Hâkim ve hakem aynı kelime kökünden gelen iki kurumun prim ile iş yapması, adaletin temeline aykırıdır. Hâkimlerin baktıkları dava başına prim aldıklarını düşünün, adaleti prim ile dağıtamazsınız. Ne kadar çok davaya bakarsa o kadar fazla maaş alması, hâkimi sürümden kazanan esnaf durumuna düşürür.
Aslına bakarsanız Batı demokrasilerinde adaletin para ile yakın ilişkisi vardır. Yüksek avukat ücretleri ve yargılama giderleri, bir noktada davacı ile anlaşma sağlamaya iter sizi. Bunun en güzel örneği ABD’deki Anayasa Mahkemesi’ne bireysel başvuru sayısıdır. İç hukuk yollarını tüketmek için yüzbinlerce dolar harcamanız gerekir ki, en son aşamada Anayasa Mahkemesi’ne başvurabilesiniz. “Batı” demokrasisinin en önemli eleştiri konusu budur.

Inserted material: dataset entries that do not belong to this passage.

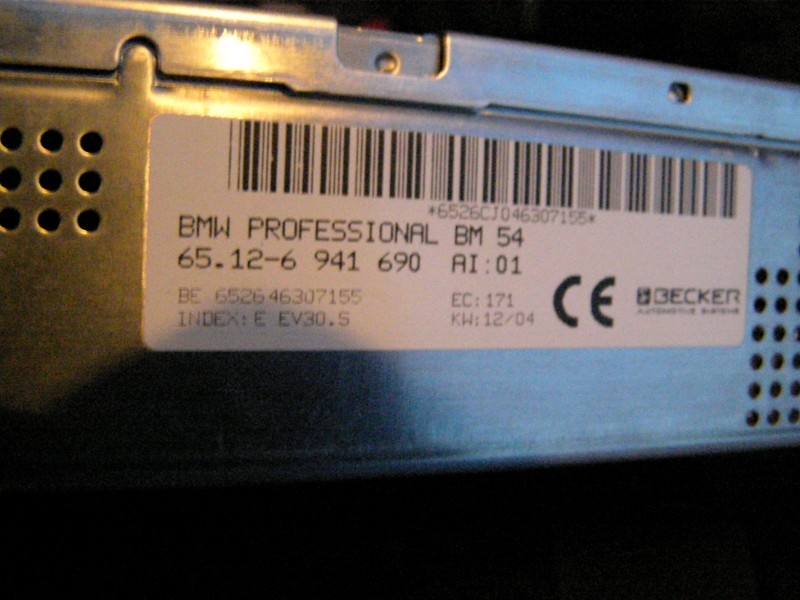 P4023213.JPG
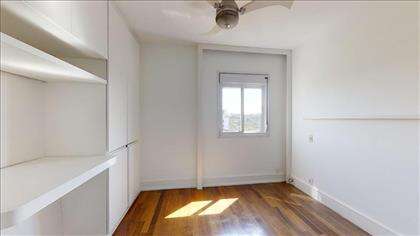 Quarto principal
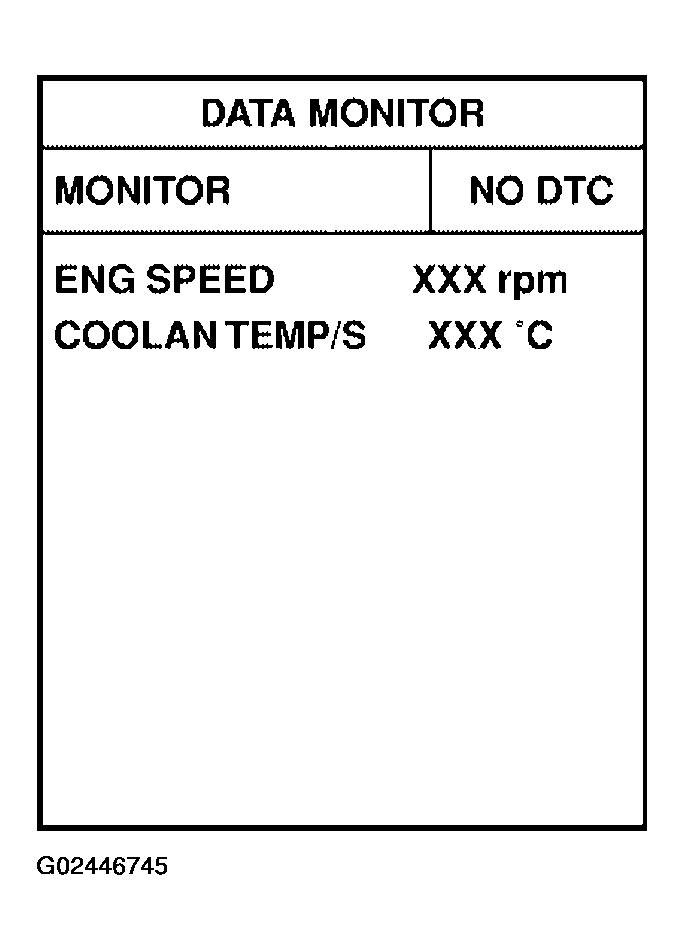 G02446745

Kesinlikle adil yargılama var ancak paran kadar. Çok güncel bir örnek ile pekiştirelim:
İngiltere’de 87 yaşında hayatını kaybeden bir adam, Türk bakıcısına 1 milyon sterlin (3 milyon 850 bin TL) miras bıraktı. Çocukları bakıcının babalarını kandırdığını iddia ederek dava açmak istedi. Ancak mahkeme giderlerinin yüzbinlerce sterlin olacağını öğrenince 50 bin sterline anlaşma yoluna gittiler.
“Batı” demokrasileri adalete kapitalist açıdan bakar ve bu bakış adaletin temelini dinamitlemektedir.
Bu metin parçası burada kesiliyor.